Gianfranco "Franco" Comotti (July 24, 1906 – May 10, 1963) was an Italian racecar driver. He participated in two World Championship Formula One Grands Prix, debuting on 3 September 1950. He scored no championship points. He also participated in numerous non-Championship Formula One races.

Racing career
A native of Bergamo, he first appeared at the 1928 Italian Grand Prix in one of Scuderia Materassi’s Talbots. After this race Comotti disappeared from the racing scene but he returned in 1931 when he won the cyclecar race at the Circuito di Alessandria in a Salmson. He then brought an Alfa Romeo Monza sports car to Scuderia Ferrari in Modena for servicing and became an official driver for the team in 1932. In 1934 Comotti won the Grand Prix du Comminges for Ferrari. Later that year he finished third at the 1934 Italian Grand Prix together with Carlo Felice Trossi. Comotti continued to drive for Ferrari until the end of 1935.
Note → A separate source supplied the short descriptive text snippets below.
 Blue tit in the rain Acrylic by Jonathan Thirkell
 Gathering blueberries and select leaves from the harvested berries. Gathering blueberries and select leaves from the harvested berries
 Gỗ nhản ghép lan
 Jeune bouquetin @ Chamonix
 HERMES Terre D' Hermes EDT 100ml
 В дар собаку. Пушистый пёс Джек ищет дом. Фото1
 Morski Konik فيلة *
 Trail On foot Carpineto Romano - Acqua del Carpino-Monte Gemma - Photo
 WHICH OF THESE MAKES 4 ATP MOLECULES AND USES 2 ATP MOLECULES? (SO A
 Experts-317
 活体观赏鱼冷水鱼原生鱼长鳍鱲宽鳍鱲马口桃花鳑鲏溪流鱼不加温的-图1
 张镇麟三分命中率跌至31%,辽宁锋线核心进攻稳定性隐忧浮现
In 1937 Comotti moved to France and joined the Talbot team as a test driver. He tested cars for clients and was a reserve driver for the racing team. That year he won the RAC Tourist Trophy at Donington Park. Comotti left the team at the end of the season and joined Laurie and Lucy Schell's Ecurie Bleue racing for 1938, driving a Delahaye. That year he made his first Grand Prix start at Germany, and also made his only start at Le Mans. But he retired early in both races.

After the war Comotti became a test driver of the new Talbot-Lago T26C. He also made some Grand Prix start with that car in 1948. In 1950 Comotti became a test driver for Scuderia Milano and also made his first World Championship Formula One Grands Prix at the Italian Grand Prix. He made his second and last World Championship Grand Prix start at the 1952 French Grand Prix, driving a Ferrari for Scuderia Marzotto.

Comotti was one of nine founders of the Club international des anciens pilotes de Grand Prix F1 (1962).

Personal life
Comotti was born in Brescia, but grew up in Bergamo. He worked in the oil business for his entire life. In 1932 he married Anna Maria Peduzzi (1912–79), who was one of the best female drivers of Italy. Her career lasted even longer than her husband’s.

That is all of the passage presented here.